Rettland Farm

Rettland Farm

Thursday, January 13, 2011

Chicken Plans, Part 1

Here we are, fresh into a New Year, and things here at Rettland Farm are already shakin'. So much for winter downtime, huh? Since we have the holidays behind us, I've been busy getting the wheels turning on some pretty big changes here at the farm, changes that are going to make the RF product line bigger and better than ever.

So let's talk about the biggest change first.

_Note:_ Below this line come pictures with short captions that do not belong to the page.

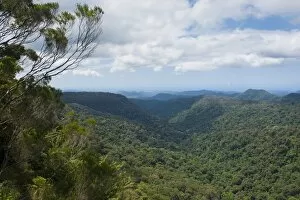 Images Dated 11th November 2008: View over the Springbrook National Park, New South Wales, Australia, Pacific
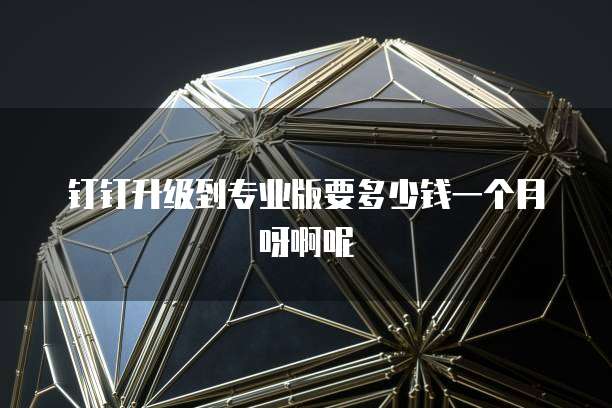 钉钉升级到专业版要多少钱一个月呀啊呢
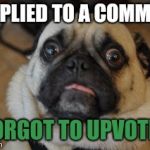 Hopefully he didnt see it | I REPLIED TO A COMMENT; I FORGOT TO UPVOTE IT | image tagged in pug worried,comments,reply,upvote | made w/ Imgflip meme maker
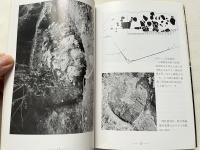 横須賀の地質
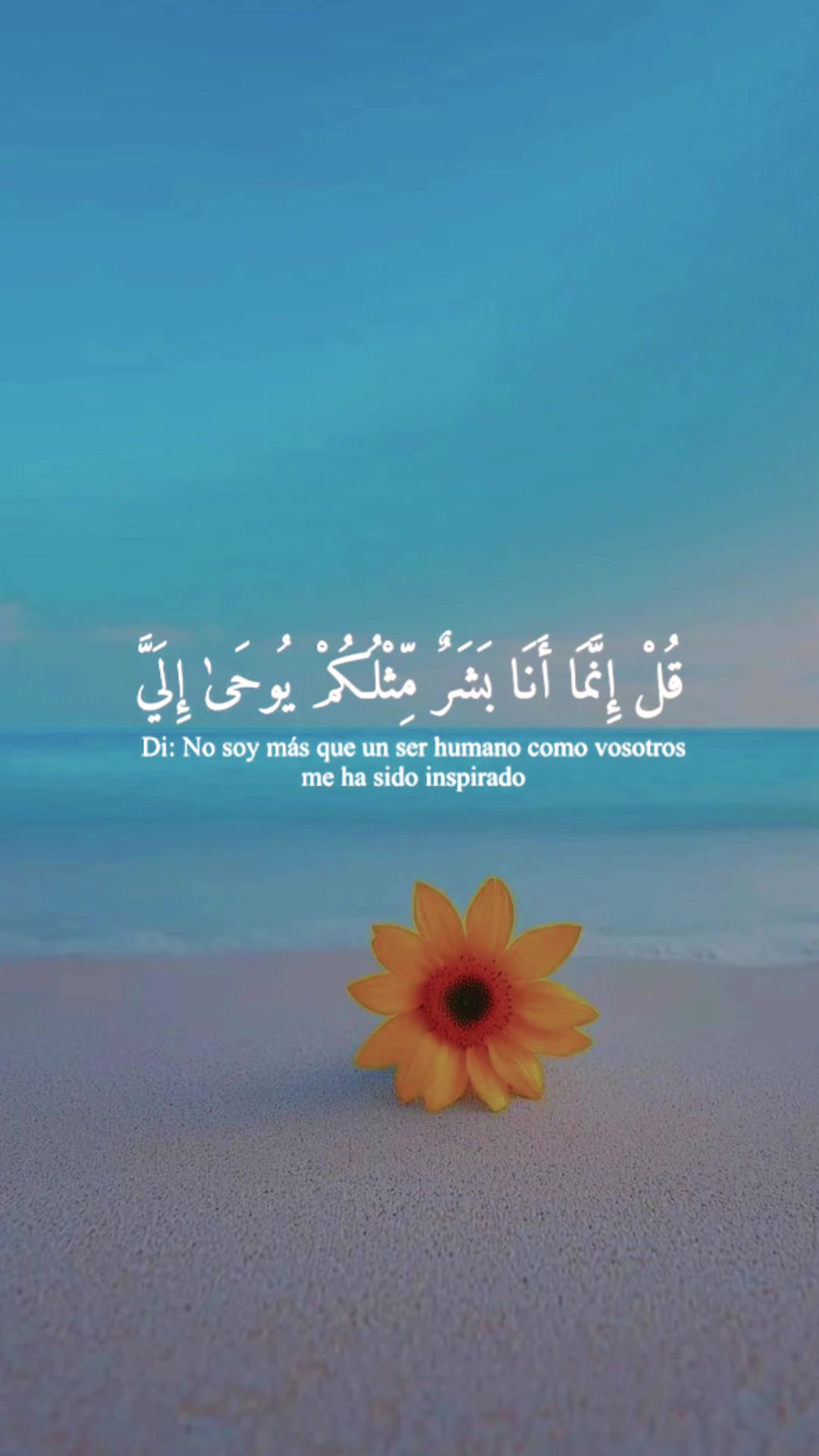 @رهف🤍🦋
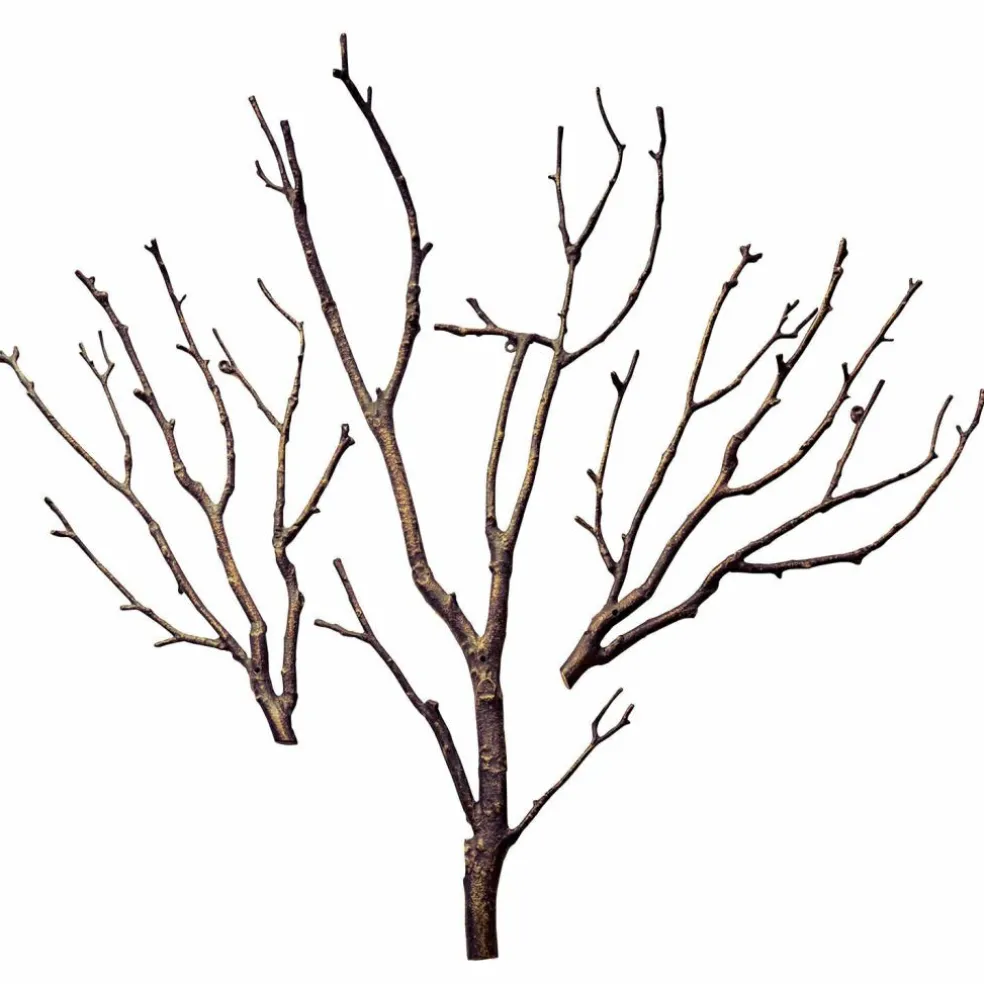 Wand-Deko Osservante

Those of you who have been with me since the beginning of RF (the Littles, the Moores, the nee Sheppards) might remember the early days of the pastured broiler program when I butchered the birds right here on the farm. Every Sunday afternoon, all summer long, I would break out my knives, my feather picker, and my giant gas burner, and butcher the chickens that I needed that week.
I ended up with sore feet, aching back, sunburn, and absolutely phenomenal chicken.

Ohh, what memories!

But for several complex reasons, it became necessary for me to hire out the butchery of the chickens. For the past year and a half, a small butcher in a neighboring county has done all of the processing of the pastured broilers. I have been mostly satisfied with the performance of this butcher and the care they took in processing my chickens.

The problem is, I think that there is room for improvement in our broilers. In an effort to constantly improve the taste, texture, and quality of the chickens that we produce, I've decided to bring the butchery back home.

Here's why: Despite the relative short distance between me and the butcher, it still takes about an hour to drive there. So, my chickens are caught, placed into crates, and the crates are put on a truck. That all takes about 30 minutes. Then I drive them to the butcher as quickly as possible, (the hour, as mentioned), and then they wait their "turn" once we get to the butcher. This wait can be as much as another hour.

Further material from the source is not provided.